The past year has been a wonderful illustrator of the power of collaboration, and how healthcare organizations can come together for the greater good–increasing loyalty and trust in the process.
Pharma now needs to take the lead in building on that foundation, sustaining key partnerships that will deliver better outcomes for patients and address healthcare system challenges far into the future.

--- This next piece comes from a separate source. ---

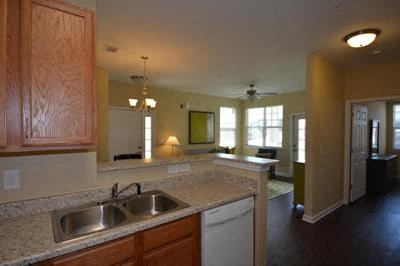 A kitchen with wooden cabinets and a white dishwasher.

The pharmaceutical industry’s image has never been so positive. A study fielded by Porter Novelli shows that one in three healthcare providers (HCPs) globally believe that pharma has done the best job of supporting coronavirus efforts compared to other industries. COVID-19 has changed the view of pharma companies as existing solely to provide drug treatments for patients, showing how they can effectively collaborate with government, HCPs, payers and patient organizations to find holistic solutions.
The pandemic has broken down traditional barriers, with information being shared more willingly and all sides cooperating to meet the needs of patient populations. Pharma has been at the nexus of this collaboration–helping to align traditionally competing interests, and bringing together organizations to support patient care. Hall & Partners’ quantitative research shows that pharma is perceived as a welcome and uniting force by HCPs and payers alike, from product development all the way through patient delivery and education.
Never before has pharma’s purpose been more clearly recognized. And this is important. In a recent global healthcare research study by Hall & Partners in partnership with Porter Novelli, more than 90% of healthcare professionals–and 80% percent of payers–said that a pharma company’s ability to demonstrate its purpose impacts their prescribing decisions. This is especially the case when drug treatments are perceived at parity in price, efficacy or safety.
The pandemic has provided a window of opportunity for organizations to step away from their profiteering image and highlight a broader purpose. This will become an expectation moving forward.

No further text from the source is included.